Our open-source machine learning model offers a flexible solution for LDL-C estimation across various healthcare settings. Hospitals can adapt the model to their specific patient populations by retraining with local data, ensuring optimal performance. This adaptability, combined with the model’s ease of integration into electronic health records, supports broad applicability and enhances cardiovascular risk assessment.
Limitations
The current study exhibits the following limitations: (1) the absence of beta-quantification as a reference method, which could potentially enhance result accuracy, and (2) the lack of pruning operations on the decision tree and random forest models, possibly leading to an underestimation of their predictive capabilities. (3) The study evaluated only the validity of the formulas and models on the Roche platform, thereby necessitating further multicenter research on various analyzer platforms; thus, external validity was established. (4) The lack of true external validation represents a limitation of this study, as it may affect the generalizability of the model’s performance to completely independent datasets. (5) Additionally, the ML models were trained solely on data from our laboratory, making them specific to the chosen dataset.

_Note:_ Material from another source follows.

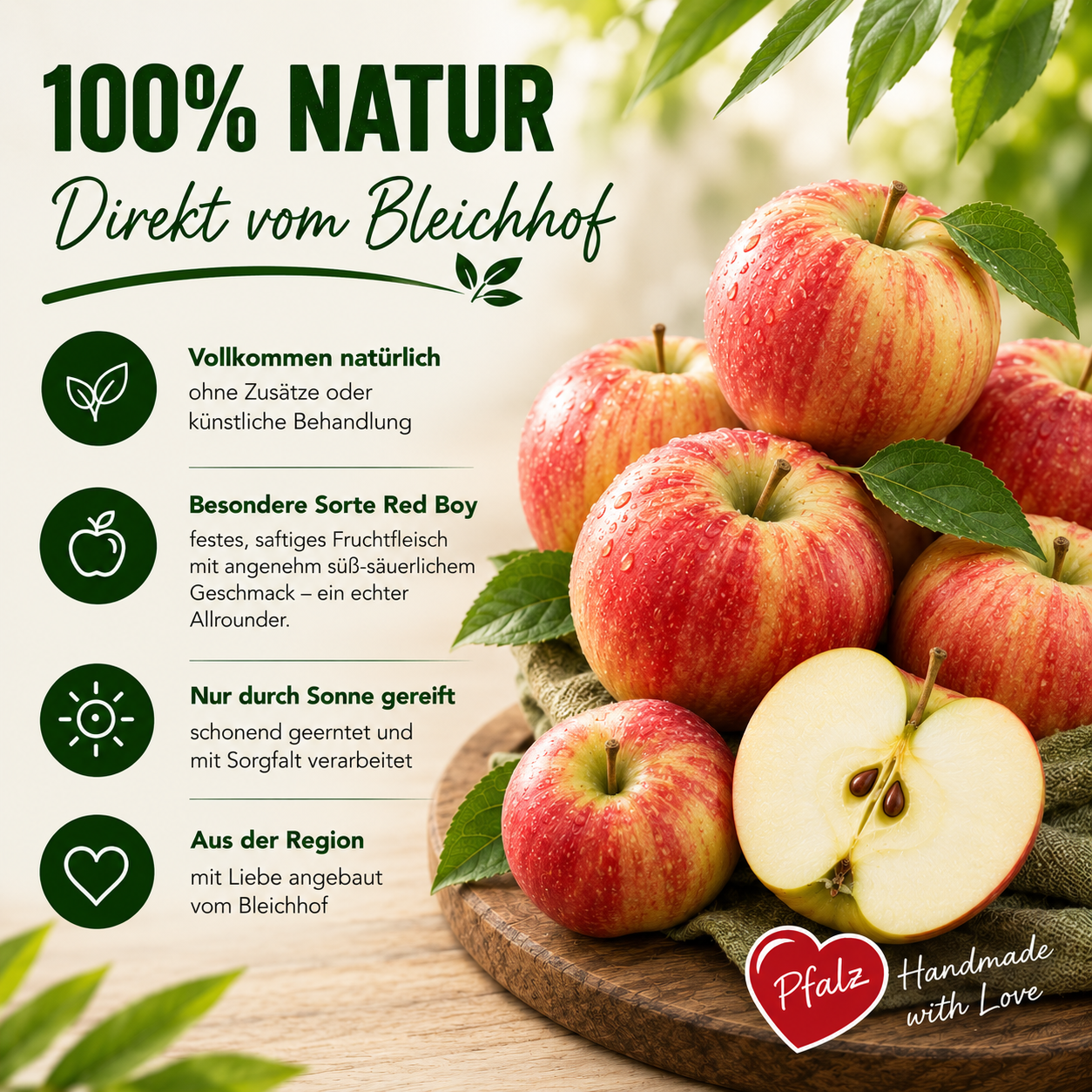 BLEICHHOF® Äpfel Red Boy - festfleischig, etwas lieblicher als Rubinette (5kg)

While the Friedewald and Martin formulas may exhibit broader applicability, the generalizability of our ML models for estimating LDL-C levels in diverse populations requires additional validation.
Conclusion
Accurate LDL-C determination, especially in high TG ranges, remains challenging. Our study demonstrates the effectiveness of machine learning models in overcoming this challenge, showing better predictive performance compared to traditional methods like the Friedewald equation. These models could enhance cardiovascular risk assessment by providing more precise LDL-C estimates, potentially leading to more informed treatment decisions. However, integrating these models into routine clinical practice necessitates further validation and addressing practical issues like data availability and computational resources. Future research should focus on validating these models across diverse populations and evaluating their long-term predictive performance to ensure their broad applicability and reliability.